Pilgrimage to Penfield tradition moves to Five Star Stadium this year

A historical marker noting "Old Mercer" is in front of a brick building with white columns

Throughout the course of students’ tenure at Mercer University, they are offered the chance to partake in a beloved tradition that has been a part of the institution for many years — Pilgrimage to Penfield.

Each year, the University arranges for hundreds of students to take a three-hour round-trip bus ride to the very first campus located in Penfield, Georgia. The campus houses the original university chapel, the foundation of the first academic building and several gravesites of individuals integral to Mercer’s founding, including Jesse Mercer.

Activities typically include a tour of the campus, speeches by beloved Mercerians imparting words of wisdom, a picnic and fireworks. The event is a highlight of the Mercer experience, immersing students in University culture and values.
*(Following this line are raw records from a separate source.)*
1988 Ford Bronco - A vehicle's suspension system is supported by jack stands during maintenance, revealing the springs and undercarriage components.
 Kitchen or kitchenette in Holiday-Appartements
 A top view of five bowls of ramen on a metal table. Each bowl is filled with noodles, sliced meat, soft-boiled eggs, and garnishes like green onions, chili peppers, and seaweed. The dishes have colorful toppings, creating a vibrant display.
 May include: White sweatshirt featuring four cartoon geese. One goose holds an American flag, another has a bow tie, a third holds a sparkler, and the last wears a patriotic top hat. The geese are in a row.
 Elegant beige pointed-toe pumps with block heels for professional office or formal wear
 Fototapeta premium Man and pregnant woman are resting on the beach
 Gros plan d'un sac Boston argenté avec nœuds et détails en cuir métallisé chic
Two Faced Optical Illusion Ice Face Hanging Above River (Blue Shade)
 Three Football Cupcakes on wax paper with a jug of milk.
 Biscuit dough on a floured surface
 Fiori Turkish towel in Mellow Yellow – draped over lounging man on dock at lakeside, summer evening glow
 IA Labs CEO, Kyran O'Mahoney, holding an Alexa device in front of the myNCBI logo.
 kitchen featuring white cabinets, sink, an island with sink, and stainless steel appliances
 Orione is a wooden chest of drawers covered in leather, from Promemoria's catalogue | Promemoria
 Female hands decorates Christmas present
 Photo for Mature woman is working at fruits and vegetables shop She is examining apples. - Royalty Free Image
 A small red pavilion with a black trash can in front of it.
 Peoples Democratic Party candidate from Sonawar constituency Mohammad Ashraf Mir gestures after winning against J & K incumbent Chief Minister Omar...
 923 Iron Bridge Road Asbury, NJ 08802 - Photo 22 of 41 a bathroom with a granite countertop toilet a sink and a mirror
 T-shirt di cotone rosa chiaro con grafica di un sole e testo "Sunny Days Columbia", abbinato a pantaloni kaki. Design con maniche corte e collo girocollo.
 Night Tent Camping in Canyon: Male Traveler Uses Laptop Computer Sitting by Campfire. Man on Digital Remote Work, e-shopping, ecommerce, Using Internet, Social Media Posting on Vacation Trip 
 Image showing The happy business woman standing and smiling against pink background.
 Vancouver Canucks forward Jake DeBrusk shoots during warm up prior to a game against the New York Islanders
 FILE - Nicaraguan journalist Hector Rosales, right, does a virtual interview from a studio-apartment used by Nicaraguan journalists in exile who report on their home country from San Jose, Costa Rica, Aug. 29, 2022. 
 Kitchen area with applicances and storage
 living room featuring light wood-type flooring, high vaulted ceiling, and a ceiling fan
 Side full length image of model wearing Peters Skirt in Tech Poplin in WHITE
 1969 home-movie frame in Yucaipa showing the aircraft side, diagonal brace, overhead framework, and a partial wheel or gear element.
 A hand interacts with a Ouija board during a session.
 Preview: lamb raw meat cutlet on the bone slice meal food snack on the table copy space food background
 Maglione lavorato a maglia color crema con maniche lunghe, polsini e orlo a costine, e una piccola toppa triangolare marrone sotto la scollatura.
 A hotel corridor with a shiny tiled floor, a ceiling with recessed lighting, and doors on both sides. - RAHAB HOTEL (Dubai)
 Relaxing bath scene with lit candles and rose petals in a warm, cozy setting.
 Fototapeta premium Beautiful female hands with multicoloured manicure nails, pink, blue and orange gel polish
Amid the COVID-19 pandemic, the tradition will continue in a new way within the confines of Five Star Stadium on the Macon campus. The event will take place at 6 p.m. Oct. 17, and all are welcome. Those who plan to attend should RSVP here.

The Heritage Life Committee of Mercer’s Student Government Association organizes the event for the student body each year. Sophomore Rylan Allen, a member of the committee, believes that holding the event on campus benefits everyone involved.

“We didn’t want to cancel the event at all because most people that go are first-year students, and we still wanted them to have that experience,” Allen said. “Plus, having it here opens the doors to allow others to come.”

Despite the authentic experience being unavailable, the Heritage Life Committee is committed to providing one that will still leave an impact. Senior Mary-Angel Ekezie, the committee chair, hopes to conjure a parallel to the original experience.

“My committee and I have been working with Mercer’s Office of Marketing Communications to present a video that will capture that adventure of going to Pilgrimage,” Ekezie said. “And we’re still going to have our speakers who usually come, as well.”

Ekezie is eager for the activities planned to possibly spark new traditions in the otherwise established affair.

“I’m actually more excited because we get to do some things we can’t normally do at Penfield,” Ekezie said. “This year, the band will be joining us, and we’re going to be able to watch a movie afterward, which will be really fun after the event.”

Safety precautions have been a priority during campuswide events, and this one will follow suit. Carrie Ingoldsby, director of campus life and student involvement, emphasized the importance of abiding by CDC guidelines.

“We’ll have temperature checks when everyone walks in. We’ll have hand sanitizer stations, and, of course, masks are required as always,” Ingoldsby said. “We will also encourage students to socially distance in their seats.”

Although this event may look significantly different than in years past, students can still glean a sense of the defining qualities that have sustained Mercer since its founding in 1833.

“Mercer has come a long way from what it used to be,” Allen said, reflecting on his past experience with Pilgrimage to Penfield. “It’s made me really have a love for Mercer and really have an understanding about its values and tradition.”